MR Morphometry by Means of Deformation Field Analysis

P Pieperhoff 1, K Amunts 2, L Hoemke 3, H Mohlberg 4, U Habel 5, M Klein 6, JN Shah 7, F Schneider 8, K Zilles 9
  • 1Jülich
  • 2Jülich
  • 3Jülich
  • 4Jülich
  • 5Aachen
  • 6Aachen
  • 7Jülich
  • 8Aachen
  • 9Jülich

Brain morphometry techniques which are based on structural MR tomography enable one to examine the anatomy of human brains in vivo.
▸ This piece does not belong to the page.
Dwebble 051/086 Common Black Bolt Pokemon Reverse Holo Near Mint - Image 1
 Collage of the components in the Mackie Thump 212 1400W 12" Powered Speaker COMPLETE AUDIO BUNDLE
These techniques can also be used to search for structural characteristics being related to mental or neurological diseases. Such characteristics may help to understand the mechanisms of these diseases, and may be relevant for their therapy or diagnosis. Considering that the resolution of routine MR techniques for in vivo scans of the whole brain is limited to approximately 1mm, MR morphometry usually examines the macroscopic structure of human brains. We have employed a new technique which is based on the registration of the MR datasets of individual brains (sources) to a target brain: The registration algorithm aims to map anatomically corresponding regions of the source brains and the target brain onto each other. The registration process consists of a global, affine transformation and a following local, elastic warping. The latter defines, for each source dataset, a deformation field: This is a three-dimensional vector field, which assigns to each voxel of the target brain a deformation vector, pointing to the corresponding position in the source data set. Thus, the deformation fields relate the anatomical structure of the source brains to the target brain. From these deformation fields, we have derived voxel-wise maps of the local volume changes. The maps of different subjects are overlaid with each other, thus enabling a voxel-wise statistical analysis of local structural differences. In a next step, we compared the locations of structural differences with maps of cytoarchitectonical areas, which were obtained by microscopic analysis of post-mortem brains. As the position of cytoarchitectonical areas relative to macroscopic landmarks is not fixed, these areas are represented by probabilistic maps. The probabilistic maps had been warped to the same target brain, which was used for the morphometric analysis. We have applied this technique for a comparison of the MR datasets of 12 schizophrenia patients, 12 unaffected siblings, and 24 matched normal control subjects. Main regions of differences between patients and controls were the amygdala (left), insula (left), Heschl's gyrus (left), gyrus parietalis inferior (left, right), and gyrus frontalis medius (left, right). Supported by the Deutsche Forschungsgemeinschaft (Schn362/13–1,-2) and by the National Institute of Health (MH52176–10).